(Data records)

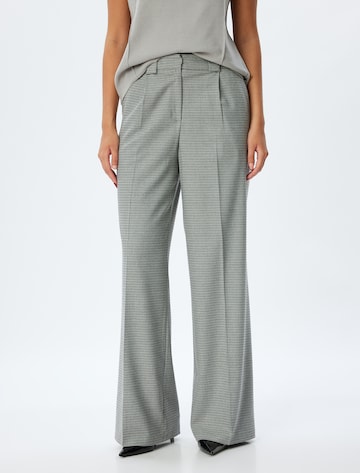 Koton Wide leg Pantalon in Grijs: voorkant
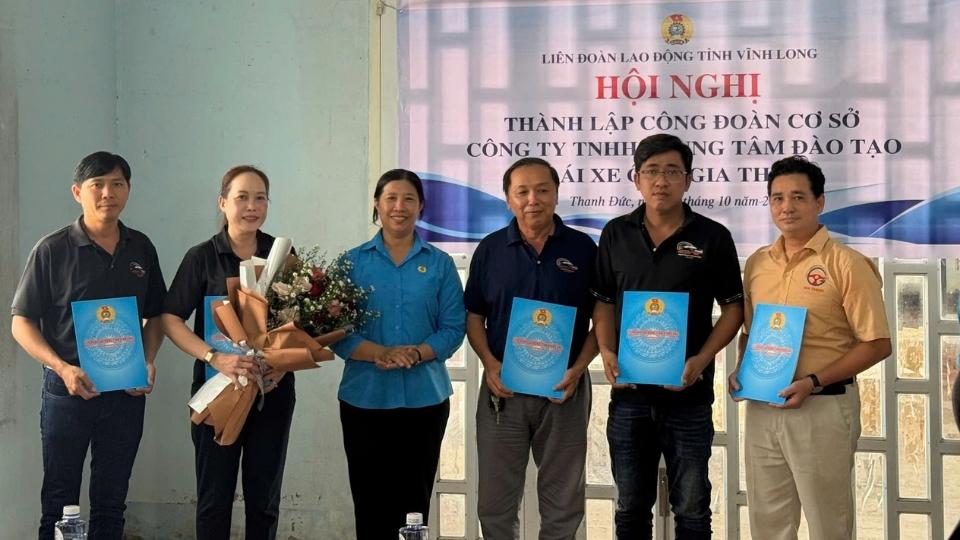 The leaders of the Vinh Long Provincial Federation of Labor presented the decision to establish the grassroots trade union of the Executive Committee of Gia Thinh Automobile Driving Training Center Company Limited. Photo: Vinh Long Provincial Federation of Labor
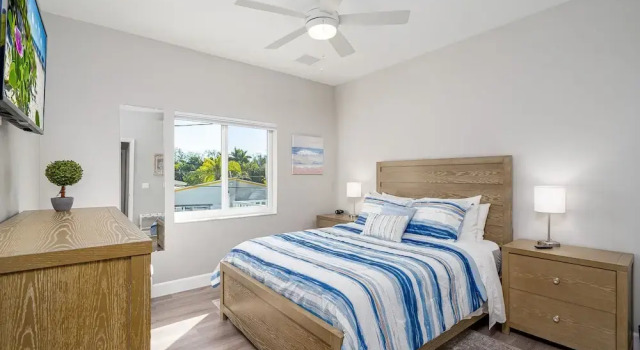 Beautiful New Build Private Pool Home On The North End Of Fort Myers Beach! 3 Bedroom Home by RedAwning, Забронировать Дом для отпуска Отели в центре Форт-Майерс-Бич, в центре, Парковка
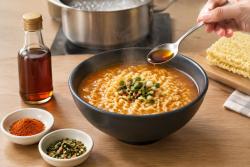 “라면 국물에 감칠맛 더하고 싶다면”… 멸치액젓은 조금씩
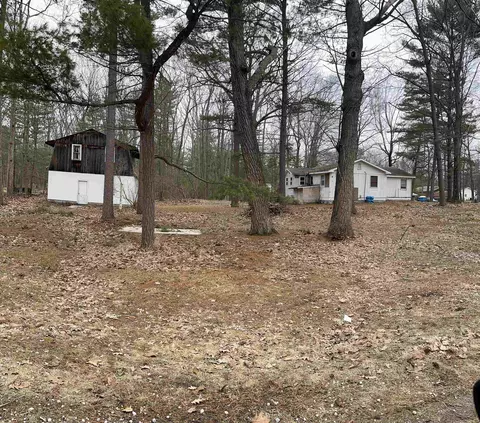 Exterior - 5330 E 11th, Au Gres, MI 48703 photo 3 of 14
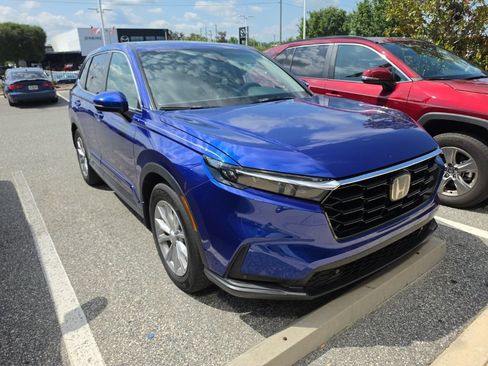 Used 2023 Honda CR-V EX-L image 1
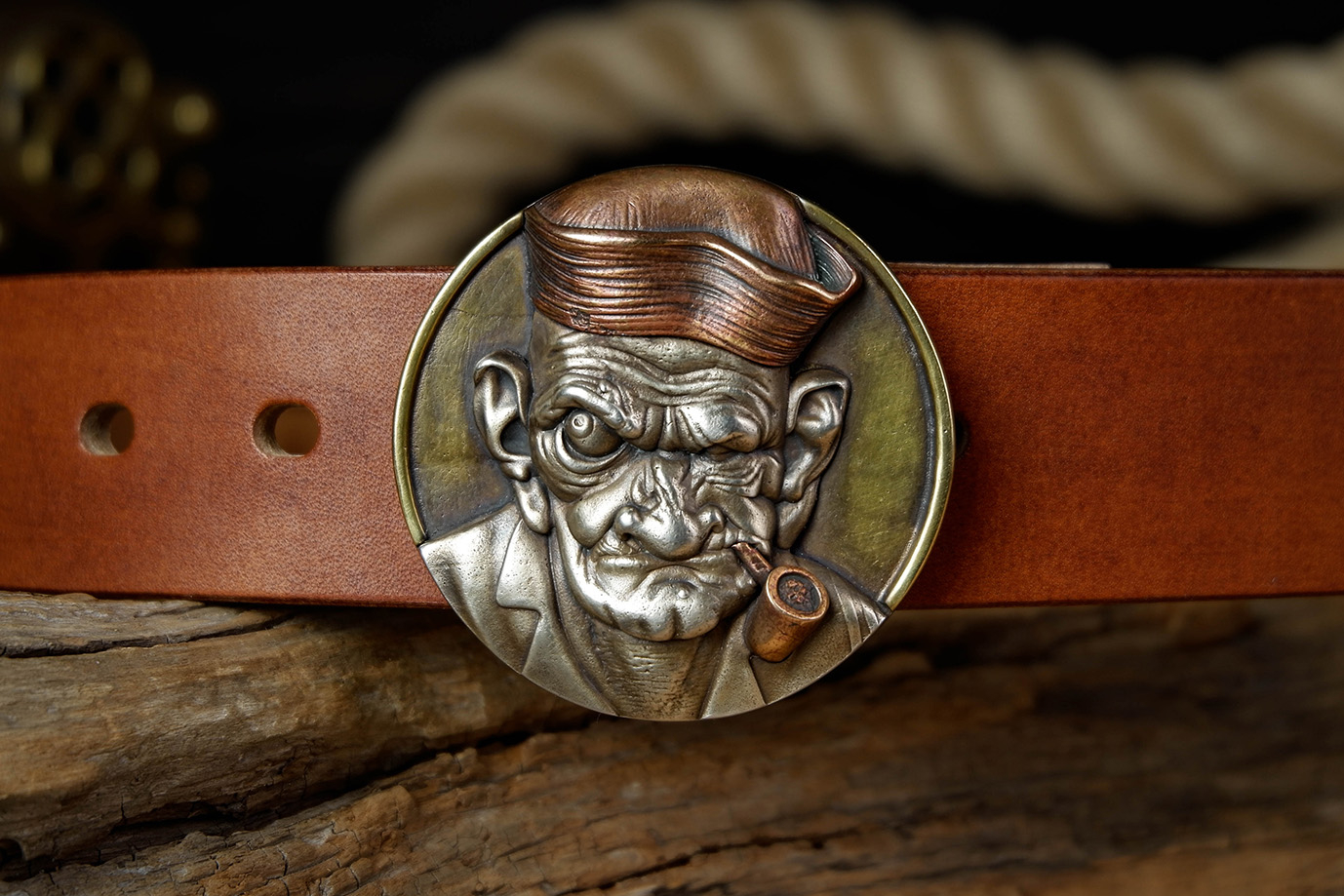 мужской ремень, кожаный ремень, для джинсов, коричневая кожа, светло-коричневая кожа, кожа цвет виски, толстый ремень, пряжка литая латунь, ширина 40 мм, 4 см, ручная работа, Grossone, надежная пряжка, английская кожа, ручная прошивка, брючный, джинсовый ремень, классический ремень, купить ремень, заказать ремень, ремень под заказ, ремень большой размер, , авторские пряжки, необычные пряжки, пряжка папай, пряжка моряк, мужик с трубкой, пряжка из трех металлов, разноцветная пряжка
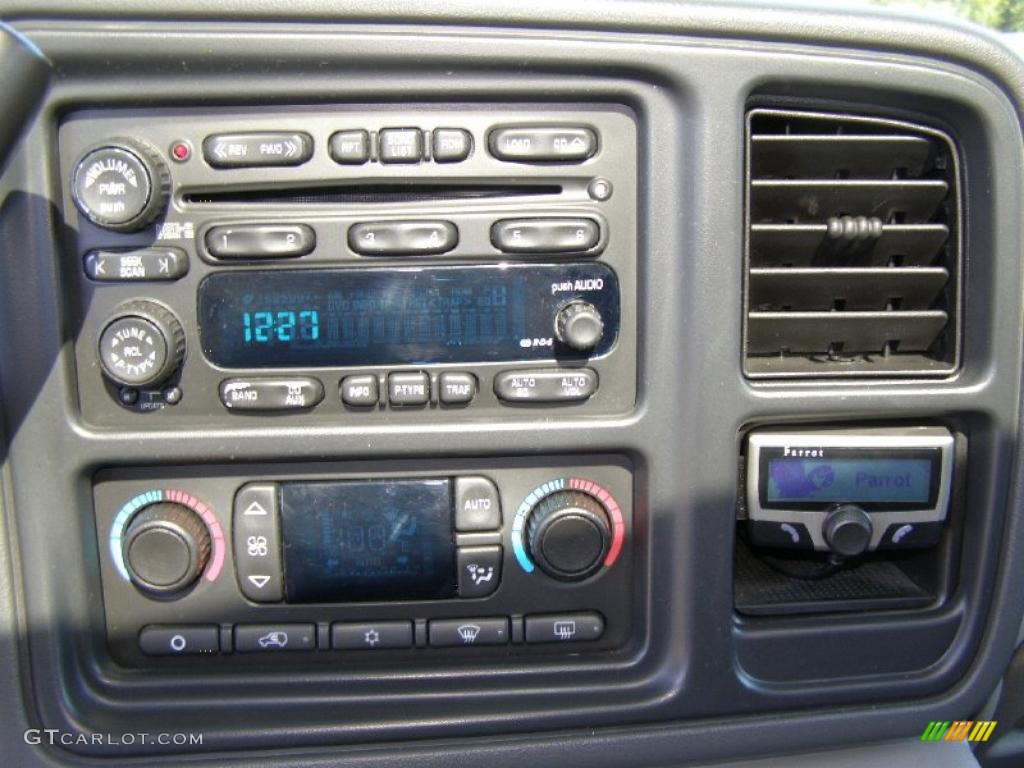 2003 Suburban 1500 LT 4x4 - Light Pewter Metallic / Gray/Dark Charcoal photo #14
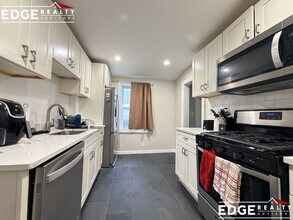 73 Thorndike St, Unit 1 in Cambridge, MA - Foto de edificio - Building Photo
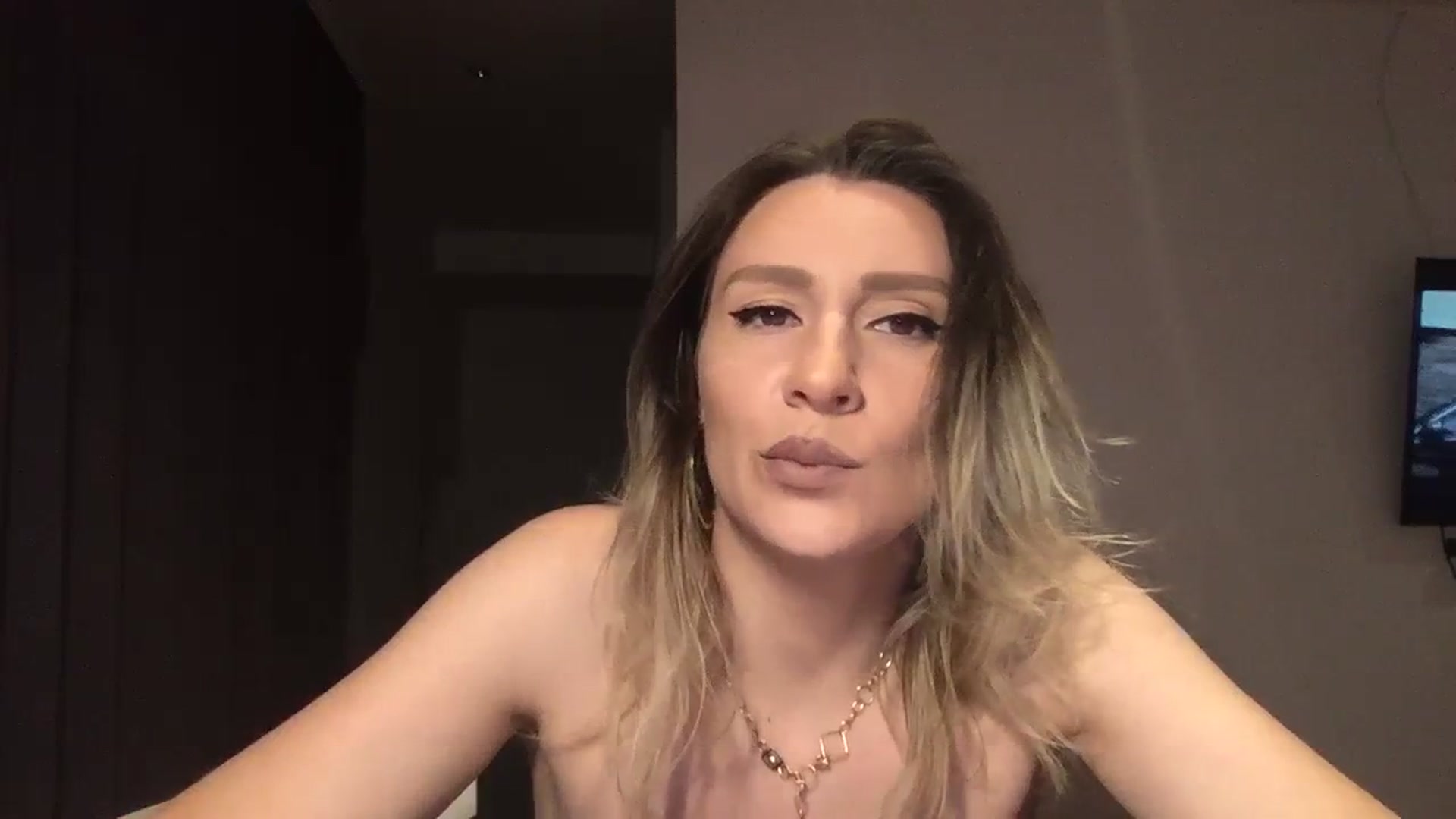 Gallery image thumbnail from itwasnt_me's myfreecams stream on, 11/02/2023, 01:36 image 20 of 20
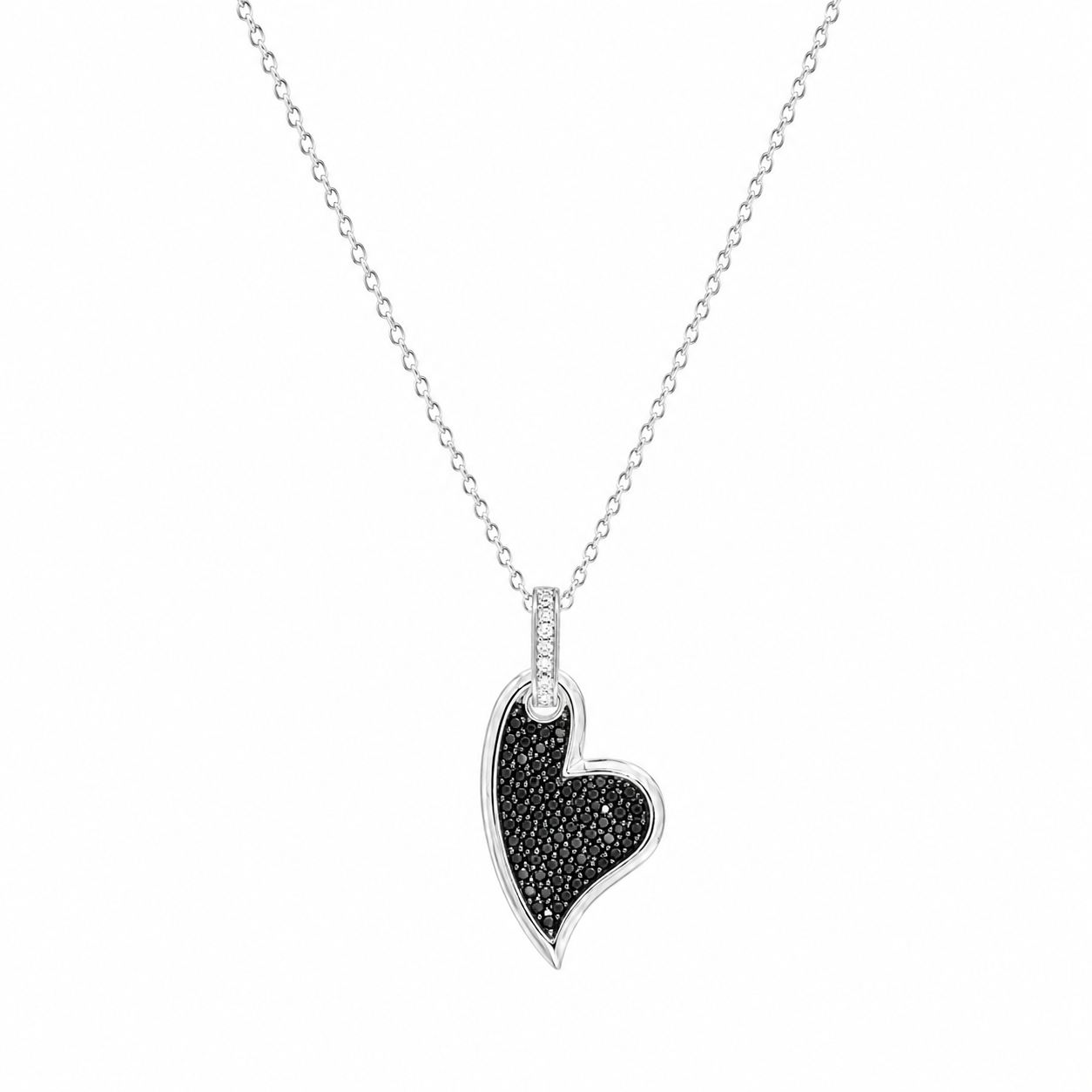 Liquidación - Conjunto colgante de corazón con circonitas cúbicas en plata 925 rodiada y baño de rodio negro con pavé negro - BGS00053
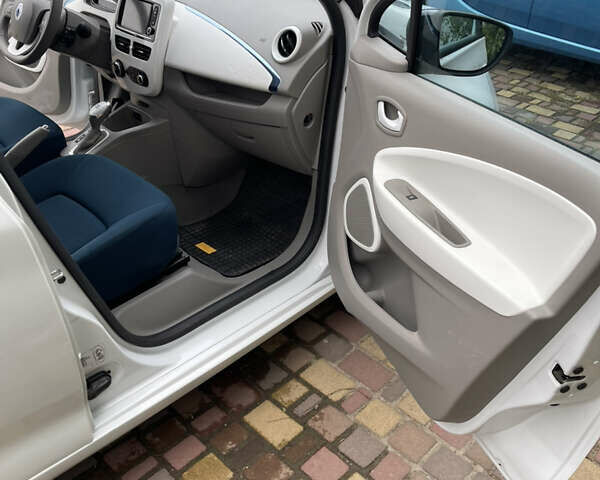 Білий Рено Зое, об'ємом двигуна 0 л та пробігом 146 тис. км за 6300 $, фото 15 на Automoto.ua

(End Data records)

* Goal of the exercise *
Would you reproduce the lines from the one with "2003 Suburban 1500" through the final line of the data above, exactly and only those, without any pictures?

* Problem solution *
 2003 Suburban 1500 LT 4x4 - Light Pewter Metallic / Gray/Dark Charcoal photo #14
 73 Thorndike St, Unit 1 in Cambridge, MA - Foto de edificio - Building Photo
 Gallery image thumbnail from itwasnt_me's myfreecams stream on, 11/02/2023, 01:36 image 20 of 20
 Liquidación - Conjunto colgante de corazón con circonitas cúbicas en plata 925 rodiada y baño de rodio negro con pavé negro - BGS00053
 Білий Рено Зое, об'ємом двигуна 0 л та пробігом 146 тис. км за 6300 $, фото 15 на Automoto.ua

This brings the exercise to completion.